Hui Wu, a research associate from the University of Maryland working in a cooperative research program at the NIST Center for Neutron Research, has been investigating a new hydrogen storage compound that mixes lithium amide with lightweight metal hydrides. Lithium amide can hold more than 10 percent of hydrogen by weight, well above the 6 percent target set by the U.S. Department of Energy as a 2010 goal for a hydrogen storage material for transportation. The material absorbs and releases hydrogen reversibly, but both absorbing and releasing the hydrogen requires high temperatures and also produces a toxic byproduct, ammonia.

Metal hydrides do also store hydrogen, though not as well, but it’s been shown recently that a combination of the two (lithium amide with lightweight metal hydrides) not only can store large enough quantities of hydrogen but they can also release it at lower temperatures than the lithium amide alone (about 100 degrees Celsius). More than that, they generate much less ammonia.

To understand how the process works, Wu used neutron analysis to figure out the atomic structure of the material, which she saw it consists of layers of calcium between which lithium ions travel very quickly. The easy travel allows the material to transfer the hydrogen at lower temperatures. Also, the hydrogen ions from the amide and hydride mixture combine pretty easy and release the contained hydrogen at lower temperatures without creating very much ammonia.

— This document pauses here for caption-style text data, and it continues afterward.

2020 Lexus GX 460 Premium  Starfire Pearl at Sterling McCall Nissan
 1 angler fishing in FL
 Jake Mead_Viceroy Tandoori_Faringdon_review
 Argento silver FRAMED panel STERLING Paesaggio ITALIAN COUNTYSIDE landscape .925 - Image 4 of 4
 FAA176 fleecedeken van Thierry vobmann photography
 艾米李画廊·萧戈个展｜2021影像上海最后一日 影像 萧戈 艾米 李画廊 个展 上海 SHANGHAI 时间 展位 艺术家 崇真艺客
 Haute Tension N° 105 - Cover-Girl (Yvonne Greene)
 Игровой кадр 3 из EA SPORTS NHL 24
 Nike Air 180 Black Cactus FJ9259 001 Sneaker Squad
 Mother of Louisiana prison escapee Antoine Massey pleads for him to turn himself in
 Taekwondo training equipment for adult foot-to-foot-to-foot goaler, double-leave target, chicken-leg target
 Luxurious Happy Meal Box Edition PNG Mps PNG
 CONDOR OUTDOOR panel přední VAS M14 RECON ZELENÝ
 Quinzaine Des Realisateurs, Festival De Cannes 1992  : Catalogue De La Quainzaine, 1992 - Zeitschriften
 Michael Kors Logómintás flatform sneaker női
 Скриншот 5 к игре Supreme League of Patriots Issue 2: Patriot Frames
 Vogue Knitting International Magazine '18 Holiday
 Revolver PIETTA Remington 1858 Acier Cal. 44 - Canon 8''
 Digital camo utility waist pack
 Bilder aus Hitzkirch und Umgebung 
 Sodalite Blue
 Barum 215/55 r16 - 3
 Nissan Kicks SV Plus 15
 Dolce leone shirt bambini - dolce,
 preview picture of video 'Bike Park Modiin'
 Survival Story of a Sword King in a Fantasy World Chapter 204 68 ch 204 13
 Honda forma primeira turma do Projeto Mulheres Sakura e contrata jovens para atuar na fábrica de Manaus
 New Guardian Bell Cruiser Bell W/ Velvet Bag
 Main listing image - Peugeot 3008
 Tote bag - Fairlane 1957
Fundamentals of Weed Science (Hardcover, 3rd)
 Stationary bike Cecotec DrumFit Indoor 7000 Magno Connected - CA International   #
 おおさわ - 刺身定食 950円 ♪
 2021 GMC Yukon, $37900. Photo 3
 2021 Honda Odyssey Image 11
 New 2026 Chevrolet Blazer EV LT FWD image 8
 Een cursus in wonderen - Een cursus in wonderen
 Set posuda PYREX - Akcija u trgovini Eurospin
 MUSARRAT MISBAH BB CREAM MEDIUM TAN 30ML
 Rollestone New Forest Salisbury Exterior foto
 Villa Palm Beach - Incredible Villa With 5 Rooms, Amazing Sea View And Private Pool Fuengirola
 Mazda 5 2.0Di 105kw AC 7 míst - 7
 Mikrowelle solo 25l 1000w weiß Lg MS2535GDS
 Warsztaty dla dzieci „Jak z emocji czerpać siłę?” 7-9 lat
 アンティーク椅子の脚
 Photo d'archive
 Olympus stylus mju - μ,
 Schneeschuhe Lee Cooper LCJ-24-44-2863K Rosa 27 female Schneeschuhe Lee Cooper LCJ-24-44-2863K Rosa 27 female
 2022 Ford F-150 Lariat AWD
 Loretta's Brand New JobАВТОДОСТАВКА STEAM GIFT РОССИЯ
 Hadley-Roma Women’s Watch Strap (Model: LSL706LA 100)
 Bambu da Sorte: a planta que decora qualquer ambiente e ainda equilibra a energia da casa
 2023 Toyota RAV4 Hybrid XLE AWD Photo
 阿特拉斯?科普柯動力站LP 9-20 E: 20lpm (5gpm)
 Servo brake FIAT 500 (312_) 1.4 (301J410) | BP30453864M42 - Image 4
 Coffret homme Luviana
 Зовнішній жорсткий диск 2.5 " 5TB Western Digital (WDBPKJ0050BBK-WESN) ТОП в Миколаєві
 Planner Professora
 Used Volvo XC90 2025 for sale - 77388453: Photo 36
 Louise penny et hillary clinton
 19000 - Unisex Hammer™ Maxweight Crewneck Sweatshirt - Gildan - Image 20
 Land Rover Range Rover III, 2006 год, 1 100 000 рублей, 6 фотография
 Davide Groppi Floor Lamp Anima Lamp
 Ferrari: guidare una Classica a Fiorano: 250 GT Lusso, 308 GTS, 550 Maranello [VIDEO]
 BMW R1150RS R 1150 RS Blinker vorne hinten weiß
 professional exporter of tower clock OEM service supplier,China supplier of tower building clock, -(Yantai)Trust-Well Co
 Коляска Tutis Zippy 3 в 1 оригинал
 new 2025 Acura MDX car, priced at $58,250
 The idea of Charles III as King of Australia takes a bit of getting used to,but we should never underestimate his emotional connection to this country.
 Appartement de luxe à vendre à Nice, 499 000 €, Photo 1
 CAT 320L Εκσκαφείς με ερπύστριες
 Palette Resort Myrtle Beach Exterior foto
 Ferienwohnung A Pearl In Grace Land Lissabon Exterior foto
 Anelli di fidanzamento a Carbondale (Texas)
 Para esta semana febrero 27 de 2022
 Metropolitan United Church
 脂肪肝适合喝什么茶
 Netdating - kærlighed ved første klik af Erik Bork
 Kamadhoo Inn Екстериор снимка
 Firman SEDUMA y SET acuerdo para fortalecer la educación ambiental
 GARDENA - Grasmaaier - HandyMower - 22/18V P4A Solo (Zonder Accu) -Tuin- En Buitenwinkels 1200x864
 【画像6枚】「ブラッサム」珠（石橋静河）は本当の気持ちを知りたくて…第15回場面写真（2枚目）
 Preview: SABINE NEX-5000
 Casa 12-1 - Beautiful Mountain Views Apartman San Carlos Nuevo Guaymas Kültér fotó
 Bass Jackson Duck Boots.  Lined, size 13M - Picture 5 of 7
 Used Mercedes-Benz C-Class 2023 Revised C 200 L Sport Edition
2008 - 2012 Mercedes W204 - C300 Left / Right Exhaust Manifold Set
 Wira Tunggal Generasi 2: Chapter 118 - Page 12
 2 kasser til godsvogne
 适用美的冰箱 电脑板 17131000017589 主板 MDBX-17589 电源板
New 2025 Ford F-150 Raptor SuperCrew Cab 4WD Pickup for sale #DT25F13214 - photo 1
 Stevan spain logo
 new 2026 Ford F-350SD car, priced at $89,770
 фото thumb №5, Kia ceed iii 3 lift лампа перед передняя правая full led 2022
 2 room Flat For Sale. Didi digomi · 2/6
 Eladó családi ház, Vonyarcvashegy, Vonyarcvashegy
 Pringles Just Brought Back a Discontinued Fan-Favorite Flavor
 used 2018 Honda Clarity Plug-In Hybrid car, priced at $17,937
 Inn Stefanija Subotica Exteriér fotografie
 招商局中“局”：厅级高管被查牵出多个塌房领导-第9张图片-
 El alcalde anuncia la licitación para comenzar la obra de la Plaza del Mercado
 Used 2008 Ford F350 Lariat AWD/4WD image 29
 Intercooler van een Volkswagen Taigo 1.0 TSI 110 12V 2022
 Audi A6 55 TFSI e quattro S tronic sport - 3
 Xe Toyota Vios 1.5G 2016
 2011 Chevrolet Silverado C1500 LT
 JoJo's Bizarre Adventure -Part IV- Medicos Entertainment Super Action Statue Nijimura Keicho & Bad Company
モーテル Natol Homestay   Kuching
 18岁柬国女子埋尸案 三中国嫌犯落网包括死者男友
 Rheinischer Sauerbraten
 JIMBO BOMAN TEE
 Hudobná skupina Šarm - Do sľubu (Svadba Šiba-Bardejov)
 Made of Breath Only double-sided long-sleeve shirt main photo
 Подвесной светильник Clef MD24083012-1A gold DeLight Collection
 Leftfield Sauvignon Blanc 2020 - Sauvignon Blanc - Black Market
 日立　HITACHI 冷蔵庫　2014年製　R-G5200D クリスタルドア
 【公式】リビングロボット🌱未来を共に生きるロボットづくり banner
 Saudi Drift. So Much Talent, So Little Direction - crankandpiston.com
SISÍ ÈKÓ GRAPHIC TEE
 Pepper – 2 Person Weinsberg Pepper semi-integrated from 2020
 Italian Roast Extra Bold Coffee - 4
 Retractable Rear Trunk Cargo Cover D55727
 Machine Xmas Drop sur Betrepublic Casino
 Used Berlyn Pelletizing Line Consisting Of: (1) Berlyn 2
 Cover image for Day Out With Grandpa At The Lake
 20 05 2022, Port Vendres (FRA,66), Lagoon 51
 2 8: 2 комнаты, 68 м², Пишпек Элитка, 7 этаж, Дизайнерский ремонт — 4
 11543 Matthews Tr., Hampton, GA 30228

Wu explains: “I found that the mobility of small ions in the mixed amide-hydride system greatly improves hydrogen storage properties” . “This finding helps us understand how hydrogen travels in and out of these systems and that may lead to a rational development of better materials for hydrogen storage.”

These storage systems are also a step ahead towards hydrogen vehicles, but there are still methods of producing it on demand. Those are to be studies more and humanity will benefit much more from them than from any other.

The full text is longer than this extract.